Air quality near schools that ban cars improved by a quarter

Air quality near schools that ban cars improved by a quarter

Figures demonstrate effectiveness of School Streets initiative


THE AIR quality in areas around schools where cars have been banned during peak hours has improved by nearly a quarter, according to new figures.

A survey of 18 schools carried out by London mayor Sadiq Khan found that levels of nitrogen dioxide (NO2), a toxic gas produced by diesel engines, had dropped significantly at the institutions that had chosen to implement “School Streets” during the times that children are picked up and dropped off. Data was collected using pollution sensors installed at the schools in September 2020.

School Street systems implement temporary restrictions according to the Road Traffic Regulation Act, effectively turning the areas around chosen schools into pedestrian and cycling zones for up to two hours per day.

The first initiatives were rolled out in Italy in 1989 and have proliferated in London since their introduction at St.

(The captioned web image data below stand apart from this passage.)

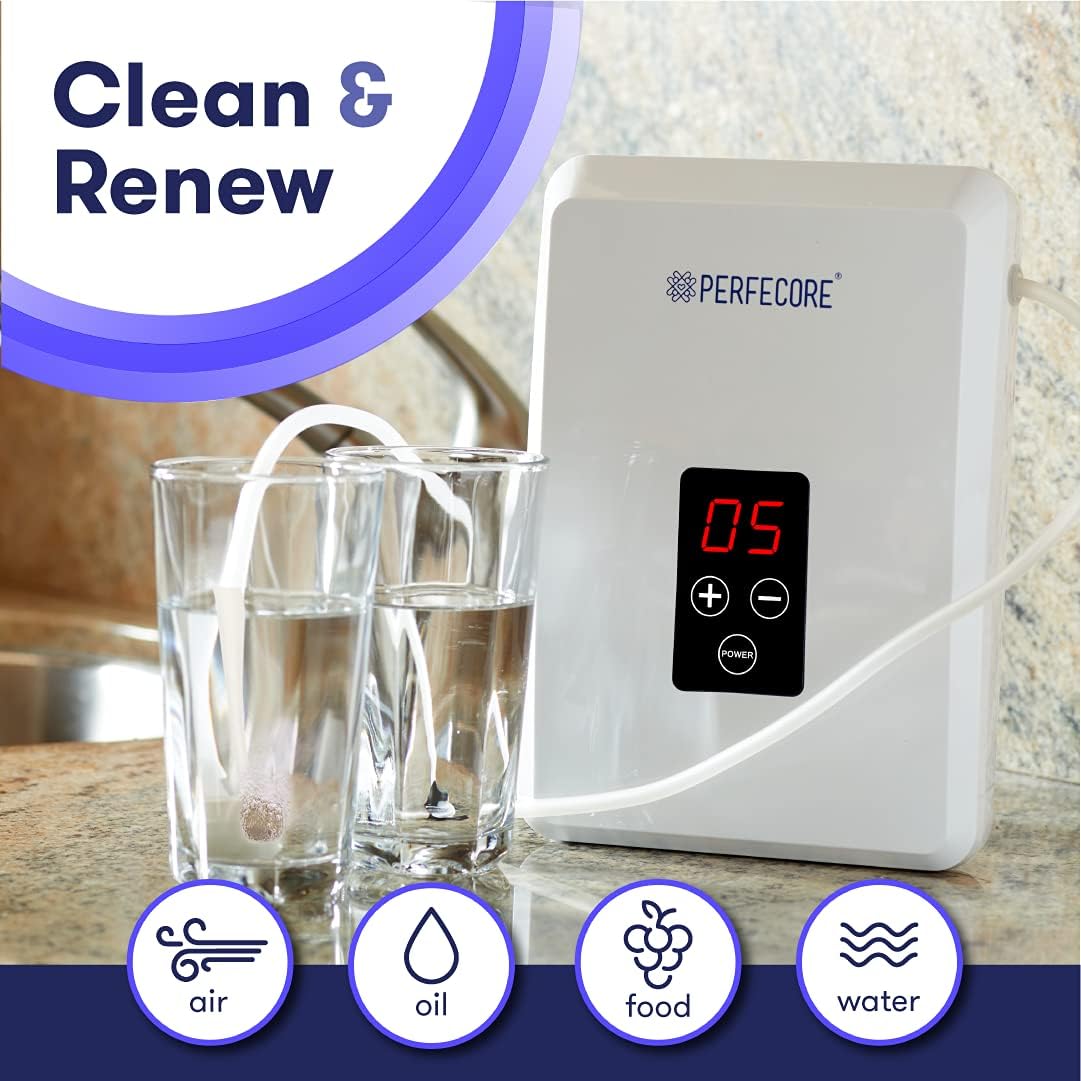 Water Ozonator - Odor Eliminator And Fresh Water Machine W/Diffuser Stones And Timer - For Home, Kitchen, Fruits & Vegetables - 600 Mg/Hour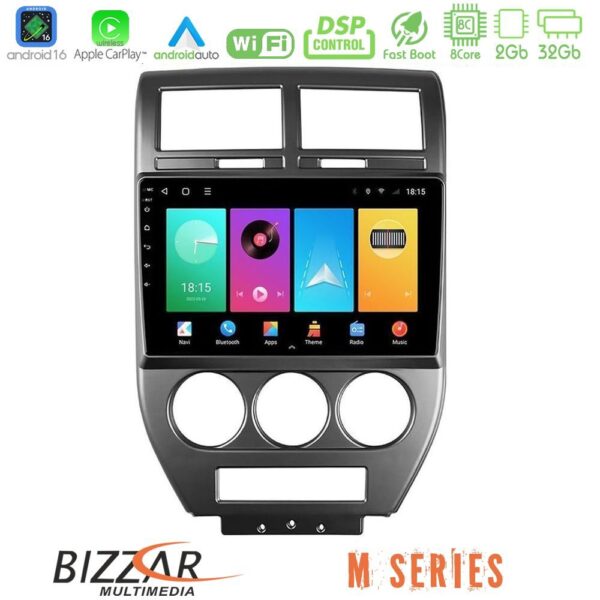 Bizzar M Series 8Core Android16 2+32GB Jeep Compass/Patriot 2007-2008 Navigation Multimedia Tablet 10" - Image 1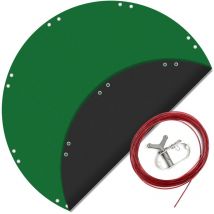 Cubierta solar piscina redonda ø 520 cm verano e invierno resistente a los rayos uv cobertor - Wiltec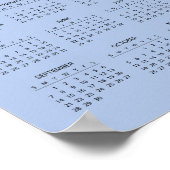 Calendrier 2025 simple mais élégant | Affiche (Coin)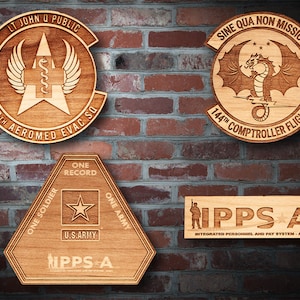 Wooden Misc. Military Patch Plaque 28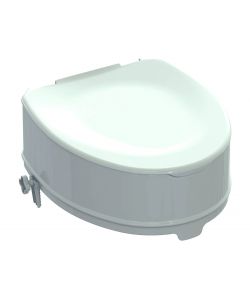 GIMA Rialzo WC 14 cm con coperchio e sistema di fissaggio bianco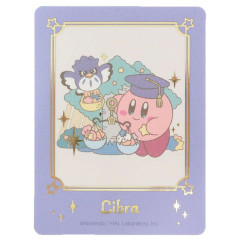 Japan Kirby Big Sticker - Fantasy Land / Horoscope Collection Libra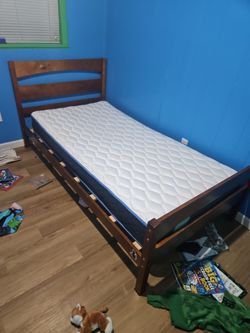 Twin mattress and frame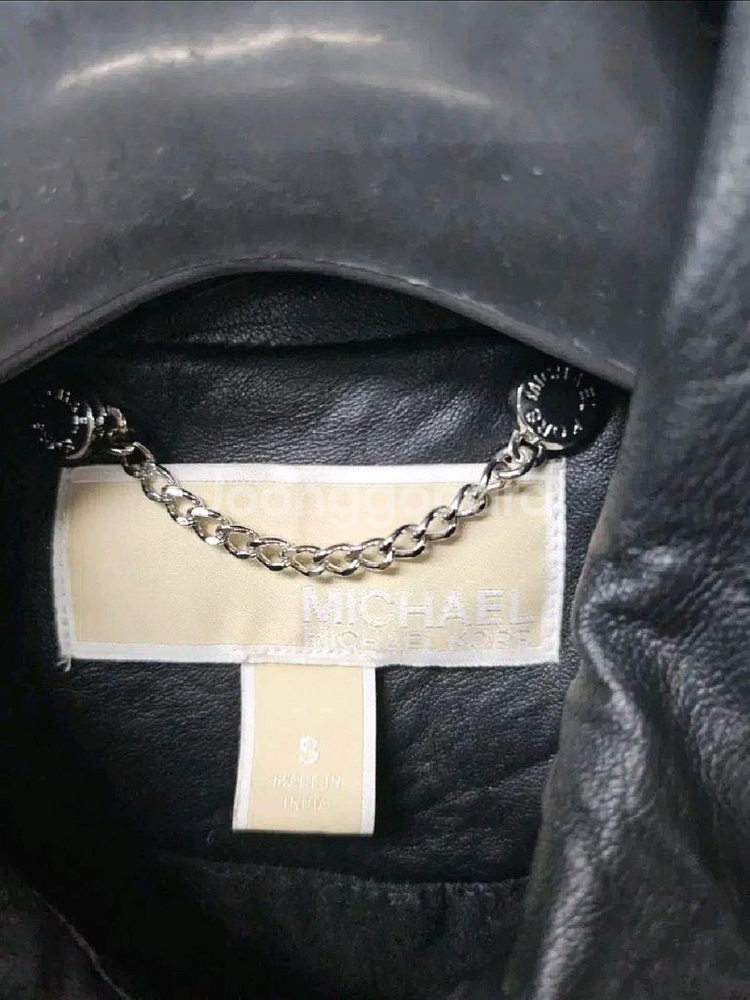 마이클코어스 라이더 양가죽 자켓 S--1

Joseph’s school in Camden in 2017. More than 300 schools in the capital are now protected by School Streets, with another 130 to be added in due course.

The Times reported that the biggest drop in toxic emissions was seen at the Kingfisher Hall Primary Academy in the North London borough of Enfield, which has seen a 23% drop in NO2 compared to schools that had not implemented traffic restrictions.

Parent volunteers at Kingfisher Hall enforce traffic barriers from 8:15 until 9:15am and from 2:45 until 3:45pm, Monday to Friday.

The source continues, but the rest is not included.